*** Opening Data excerpts ***
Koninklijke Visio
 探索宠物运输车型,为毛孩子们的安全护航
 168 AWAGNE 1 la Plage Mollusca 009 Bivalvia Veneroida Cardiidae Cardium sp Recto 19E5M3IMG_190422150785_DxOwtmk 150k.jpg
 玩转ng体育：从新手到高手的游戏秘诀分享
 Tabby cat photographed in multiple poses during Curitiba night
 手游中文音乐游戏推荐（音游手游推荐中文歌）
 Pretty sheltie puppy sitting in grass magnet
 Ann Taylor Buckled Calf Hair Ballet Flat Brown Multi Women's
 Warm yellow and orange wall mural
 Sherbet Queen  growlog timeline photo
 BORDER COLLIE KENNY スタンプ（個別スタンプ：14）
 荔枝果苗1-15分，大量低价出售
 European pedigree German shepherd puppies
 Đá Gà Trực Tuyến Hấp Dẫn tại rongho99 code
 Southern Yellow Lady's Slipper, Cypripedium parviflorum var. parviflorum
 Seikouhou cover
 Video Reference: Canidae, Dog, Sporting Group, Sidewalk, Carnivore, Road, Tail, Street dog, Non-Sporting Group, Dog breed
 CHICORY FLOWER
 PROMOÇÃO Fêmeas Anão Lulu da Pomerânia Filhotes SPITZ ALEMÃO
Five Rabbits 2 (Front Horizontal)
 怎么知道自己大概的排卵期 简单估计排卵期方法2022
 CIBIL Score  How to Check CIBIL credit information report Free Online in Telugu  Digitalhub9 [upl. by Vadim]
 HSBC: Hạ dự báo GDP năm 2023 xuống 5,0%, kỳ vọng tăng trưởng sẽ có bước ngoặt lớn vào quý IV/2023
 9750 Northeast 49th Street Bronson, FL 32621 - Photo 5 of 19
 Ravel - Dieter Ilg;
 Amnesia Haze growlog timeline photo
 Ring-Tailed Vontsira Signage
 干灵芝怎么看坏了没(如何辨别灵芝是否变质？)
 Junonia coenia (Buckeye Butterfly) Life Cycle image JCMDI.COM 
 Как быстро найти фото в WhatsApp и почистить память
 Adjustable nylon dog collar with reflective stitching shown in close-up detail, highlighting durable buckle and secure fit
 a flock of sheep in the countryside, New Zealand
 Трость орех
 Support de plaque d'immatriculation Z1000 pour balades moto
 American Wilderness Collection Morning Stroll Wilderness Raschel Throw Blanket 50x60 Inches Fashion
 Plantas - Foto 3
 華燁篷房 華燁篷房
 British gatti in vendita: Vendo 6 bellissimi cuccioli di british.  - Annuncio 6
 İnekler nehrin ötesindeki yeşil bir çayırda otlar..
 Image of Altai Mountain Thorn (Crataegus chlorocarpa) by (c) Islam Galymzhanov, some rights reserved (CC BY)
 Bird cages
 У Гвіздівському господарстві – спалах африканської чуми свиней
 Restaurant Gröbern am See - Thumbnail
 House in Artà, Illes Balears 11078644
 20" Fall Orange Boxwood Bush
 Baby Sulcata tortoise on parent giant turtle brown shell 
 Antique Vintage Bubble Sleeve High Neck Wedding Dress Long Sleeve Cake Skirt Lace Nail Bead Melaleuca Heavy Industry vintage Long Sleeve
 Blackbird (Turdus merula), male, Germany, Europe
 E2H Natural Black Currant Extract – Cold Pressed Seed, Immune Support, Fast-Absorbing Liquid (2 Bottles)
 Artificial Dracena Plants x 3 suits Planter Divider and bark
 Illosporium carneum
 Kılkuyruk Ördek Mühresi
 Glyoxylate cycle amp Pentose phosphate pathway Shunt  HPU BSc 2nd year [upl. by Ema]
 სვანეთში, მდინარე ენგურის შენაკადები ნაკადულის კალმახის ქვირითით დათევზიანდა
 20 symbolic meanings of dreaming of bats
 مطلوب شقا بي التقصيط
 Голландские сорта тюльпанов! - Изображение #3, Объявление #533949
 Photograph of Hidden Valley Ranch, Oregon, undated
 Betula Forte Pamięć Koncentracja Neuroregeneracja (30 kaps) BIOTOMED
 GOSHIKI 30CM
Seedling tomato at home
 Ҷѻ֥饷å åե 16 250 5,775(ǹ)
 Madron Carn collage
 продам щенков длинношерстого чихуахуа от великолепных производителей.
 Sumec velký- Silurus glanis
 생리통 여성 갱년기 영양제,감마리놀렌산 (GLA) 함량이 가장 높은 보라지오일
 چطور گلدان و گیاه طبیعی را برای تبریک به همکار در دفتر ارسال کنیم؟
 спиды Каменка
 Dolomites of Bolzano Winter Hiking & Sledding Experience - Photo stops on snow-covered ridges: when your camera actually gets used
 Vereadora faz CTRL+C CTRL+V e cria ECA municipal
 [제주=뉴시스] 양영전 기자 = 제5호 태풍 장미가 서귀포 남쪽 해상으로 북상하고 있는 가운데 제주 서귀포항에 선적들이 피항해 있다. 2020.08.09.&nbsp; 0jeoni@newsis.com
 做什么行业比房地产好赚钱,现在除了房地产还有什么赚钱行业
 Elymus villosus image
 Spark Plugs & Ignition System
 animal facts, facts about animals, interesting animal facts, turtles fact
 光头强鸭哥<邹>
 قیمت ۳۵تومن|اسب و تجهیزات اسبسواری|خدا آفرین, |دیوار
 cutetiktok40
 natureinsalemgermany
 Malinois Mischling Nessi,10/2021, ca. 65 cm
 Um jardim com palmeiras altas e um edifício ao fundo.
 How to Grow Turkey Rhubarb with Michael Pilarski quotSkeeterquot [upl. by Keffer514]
*** Closing Data excerpts ***
The entries shown above must be reproduced in full, exactly as written.

_Expected answer_:
Koninklijke Visio
 探索宠物运输车型,为毛孩子们的安全护航
 168 AWAGNE 1 la Plage Mollusca 009 Bivalvia Veneroida Cardiidae Cardium sp Recto 19E5M3IMG_190422150785_DxOwtmk 150k.jpg
 玩转ng体育：从新手到高手的游戏秘诀分享
 Tabby cat photographed in multiple poses during Curitiba night
 手游中文音乐游戏推荐（音游手游推荐中文歌）
 Pretty sheltie puppy sitting in grass magnet
 Ann Taylor Buckled Calf Hair Ballet Flat Brown Multi Women's
 Warm yellow and orange wall mural
 Sherbet Queen  growlog timeline photo
 BORDER COLLIE KENNY スタンプ（個別スタンプ：14）
 荔枝果苗1-15分，大量低价出售
 European pedigree German shepherd puppies
 Đá Gà Trực Tuyến Hấp Dẫn tại rongho99 code
 Southern Yellow Lady's Slipper, Cypripedium parviflorum var. parviflorum
 Seikouhou cover
 Video Reference: Canidae, Dog, Sporting Group, Sidewalk, Carnivore, Road, Tail, Street dog, Non-Sporting Group, Dog breed
 CHICORY FLOWER
 PROMOÇÃO Fêmeas Anão Lulu da Pomerânia Filhotes SPITZ ALEMÃO
Five Rabbits 2 (Front Horizontal)
 怎么知道自己大概的排卵期 简单估计排卵期方法2022
 CIBIL Score  How to Check CIBIL credit information report Free Online in Telugu  Digitalhub9 [upl. by Vadim]
 HSBC: Hạ dự báo GDP năm 2023 xuống 5,0%, kỳ vọng tăng trưởng sẽ có bước ngoặt lớn vào quý IV/2023
 9750 Northeast 49th Street Bronson, FL 32621 - Photo 5 of 19
 Ravel - Dieter Ilg;
 Amnesia Haze growlog timeline photo
 Ring-Tailed Vontsira Signage
 干灵芝怎么看坏了没(如何辨别灵芝是否变质？)
 Junonia coenia (Buckeye Butterfly) Life Cycle image JCMDI.COM 
 Как быстро найти фото в WhatsApp и почистить память
 Adjustable nylon dog collar with reflective stitching shown in close-up detail, highlighting durable buckle and secure fit
 a flock of sheep in the countryside, New Zealand
 Трость орех
 Support de plaque d'immatriculation Z1000 pour balades moto
 American Wilderness Collection Morning Stroll Wilderness Raschel Throw Blanket 50x60 Inches Fashion
 Plantas - Foto 3
 華燁篷房 華燁篷房
 British gatti in vendita: Vendo 6 bellissimi cuccioli di british.  - Annuncio 6
 İnekler nehrin ötesindeki yeşil bir çayırda otlar..
 Image of Altai Mountain Thorn (Crataegus chlorocarpa) by (c) Islam Galymzhanov, some rights reserved (CC BY)
 Bird cages
 У Гвіздівському господарстві – спалах африканської чуми свиней
 Restaurant Gröbern am See - Thumbnail
 House in Artà, Illes Balears 11078644
 20" Fall Orange Boxwood Bush
 Baby Sulcata tortoise on parent giant turtle brown shell 
 Antique Vintage Bubble Sleeve High Neck Wedding Dress Long Sleeve Cake Skirt Lace Nail Bead Melaleuca Heavy Industry vintage Long Sleeve
 Blackbird (Turdus merula), male, Germany, Europe
 E2H Natural Black Currant Extract – Cold Pressed Seed, Immune Support, Fast-Absorbing Liquid (2 Bottles)
 Artificial Dracena Plants x 3 suits Planter Divider and bark
 Illosporium carneum
 Kılkuyruk Ördek Mühresi
 Glyoxylate cycle amp Pentose phosphate pathway Shunt  HPU BSc 2nd year [upl. by Ema]
 სვანეთში, მდინარე ენგურის შენაკადები ნაკადულის კალმახის ქვირითით დათევზიანდა
 20 symbolic meanings of dreaming of bats
 مطلوب شقا بي التقصيط
 Голландские сорта тюльпанов! - Изображение #3, Объявление #533949
 Photograph of Hidden Valley Ranch, Oregon, undated
 Betula Forte Pamięć Koncentracja Neuroregeneracja (30 kaps) BIOTOMED
 GOSHIKI 30CM
Seedling tomato at home
 Ҷѻ֥饷å åե 16 250 5,775(ǹ)
 Madron Carn collage
 продам щенков длинношерстого чихуахуа от великолепных производителей.
 Sumec velký- Silurus glanis
 생리통 여성 갱년기 영양제,감마리놀렌산 (GLA) 함량이 가장 높은 보라지오일
 چطور گلدان و گیاه طبیعی را برای تبریک به همکار در دفتر ارسال کنیم؟
 спиды Каменка
 Dolomites of Bolzano Winter Hiking & Sledding Experience - Photo stops on snow-covered ridges: when your camera actually gets used
 Vereadora faz CTRL+C CTRL+V e cria ECA municipal
 [제주=뉴시스] 양영전 기자 = 제5호 태풍 장미가 서귀포 남쪽 해상으로 북상하고 있는 가운데 제주 서귀포항에 선적들이 피항해 있다. 2020.08.09.&nbsp; 0jeoni@newsis.com
 做什么行业比房地产好赚钱,现在除了房地产还有什么赚钱行业
 Elymus villosus image
 Spark Plugs & Ignition System
 animal facts, facts about animals, interesting animal facts, turtles fact
 光头强鸭哥<邹>
 قیمت ۳۵تومن|اسب و تجهیزات اسبسواری|خدا آفرین, |دیوار
 cutetiktok40
 natureinsalemgermany
 Malinois Mischling Nessi,10/2021, ca. 65 cm
 Um jardim com palmeiras altas e um edifício ao fundo.
 How to Grow Turkey Rhubarb with Michael Pilarski quotSkeeterquot [upl. by Keffer514]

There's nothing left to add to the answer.